Thars Jews in them hills–Motherlode group is burgeoning

Stretching from California's fertile Central Valley to the towering trees of Yosemite, Tuolumne and Calaveras counties aren't exactly the desert. But since neither county has a synagogue, Jews can often feel isolated. The nearest regular synagogue is Temple Israel in Stockton, and the nearest one beyond that is in Sacramento.

But organizers of the Motherlode Jewish Community, which takes its name from the region's Gold Rush days, discovered that if they offered any kind of religious service, even just a chat group for the High Holy Days, people would come. A year ago, the lay-led group had up to 15 active families. Now, with 52 families and a lay leader, the congregation is filing for nonprofit status. The next step is an events center and a synagogue.

"There are more Jewish people [in the counties] than are involved with us," said Daniel Jobrack, an unpaid lay leader from Valley Springs who runs the services. He earns his living in a cannery. "There are probably 150 [Jewish] families out here. Many just don't know we're here."

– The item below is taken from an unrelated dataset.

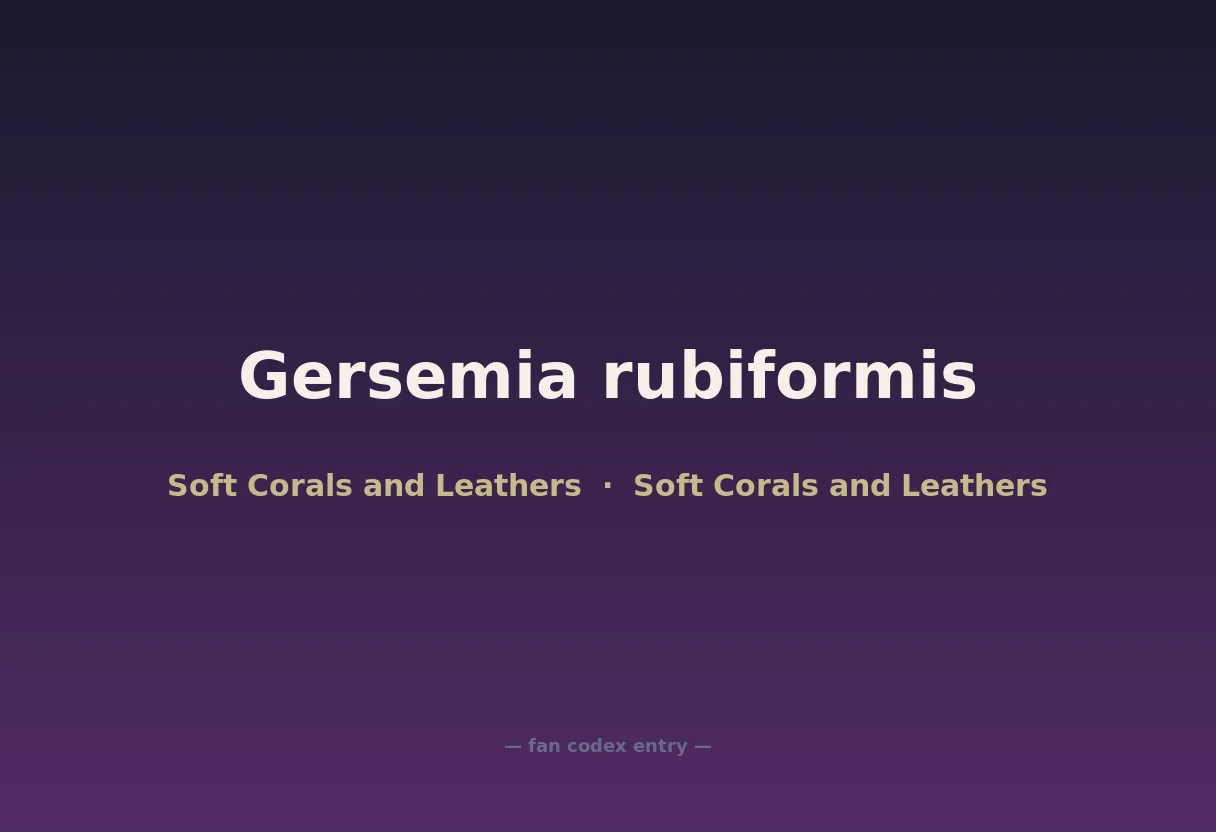 Gersemia rubiformis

He speculated that perhaps some simply haven't looked for the fledgling congregation. Many who have sought religious involvement, however, have only found the Jews for Jesus, who advertise heavily throughout the area, he said. For many who have tried Jews for Jesus, said Jobrack, "It's left a bad taste," and they've become even more isolated as Jews.

"There are a lot [of Jews] who don't claim their identity," said Richard Merrittstein-Timmins of Groveland, who is president of the chavurah (informal congregation). "A lot of Jewish mishpoche will come out of the woodwork when we announce the center."

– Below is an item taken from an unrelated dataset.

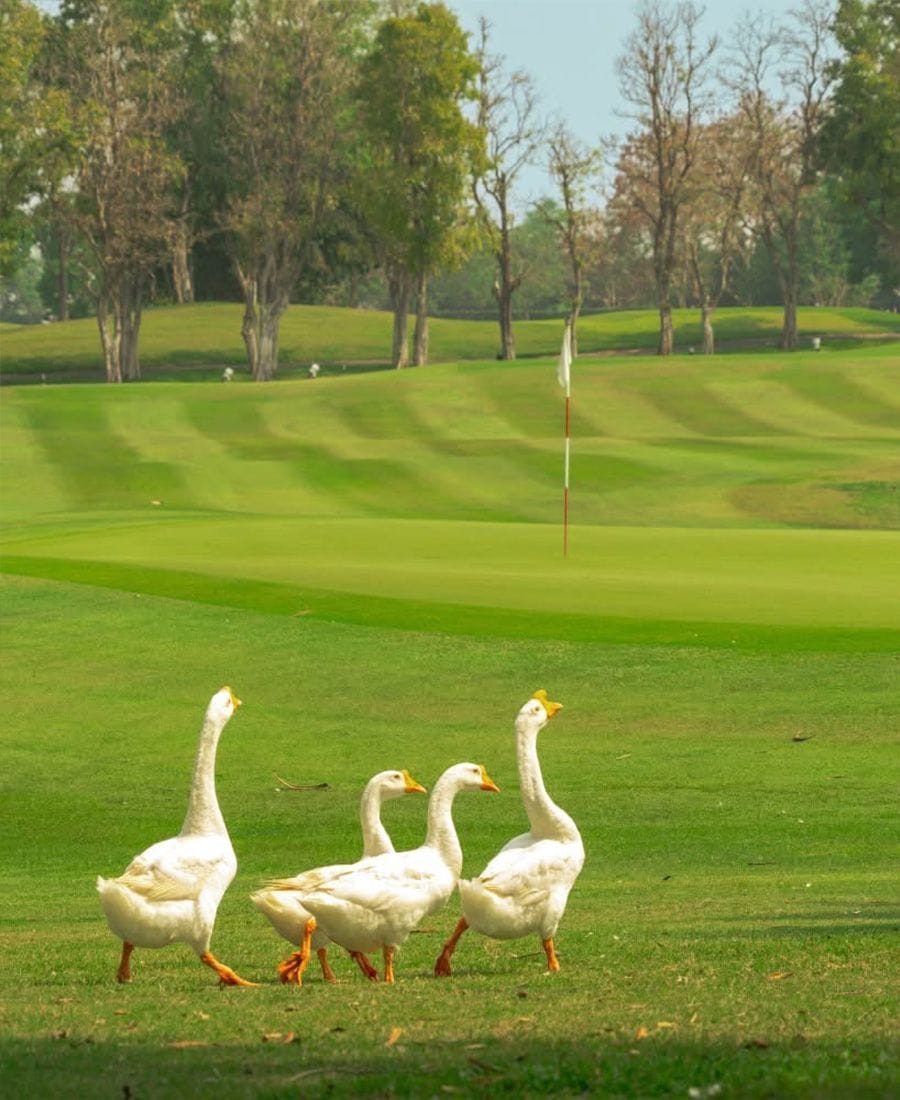 Rancho Charnvee Golf Course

The events center is still in the planning stages, however. Not quite a synagogue, the Motherlode Jewish Community is mainly an educational cooperative, with three religious-school teachers and a fairly loose system for holding services.

The group meets in homes, holding some of the bigger services at the Sonora Inn. Even High Holy Days meetings have been small-scale. For many other occasions, Jobrack himself attends services in Grass Valley, where the congregation is also headed by a lay leader.

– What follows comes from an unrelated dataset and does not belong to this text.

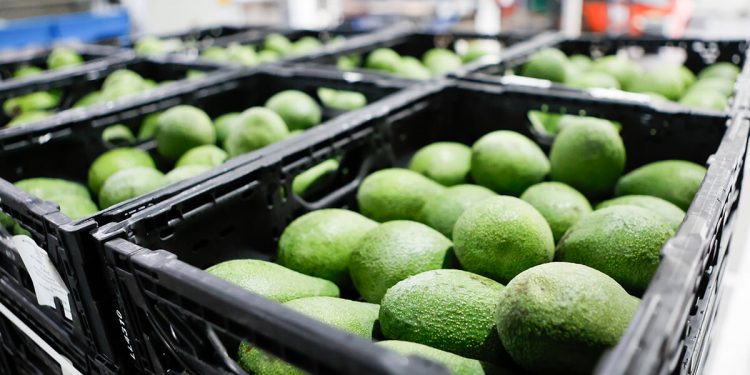 HiperDino aguacates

At Purim, members of the Motherlode Jewish Community brought their children to the festival at Temple Israel in Stockton. Many of the children had never seen a synagogue or a Torah scroll, said Stockton Rabbi Jason Gwasdoff.

Jobrack's goal is to make these young people more knowledgeable about Judaism. He is currently preparing five b'nai mitzvah students. Meanwhile, the High Holy Days program is incorporating more rituals. And Merrittstein-Timmins got the local newspaper, the Sonora Democrat, to change the name of its "Church Page" to "Religious Page."

The next step is anybody's guess. For Jews, these two counties, a mere two-hour drive from San Francisco, are undiscovered country — despite the large number of Jews who descended on the region during Gold Rush days.

Elizabeth Santomeier, executive secretary of Stockton's Temple Israel, said she couldn't estimate the hidden Jewish population in her own county of San Joaquin, let alone in the Motherlode Jewish Community's unexplored counties.

"We wish them luck," she said of the new congregation.

Gwasdoff would only speculate: "Thar's Jews in them hills."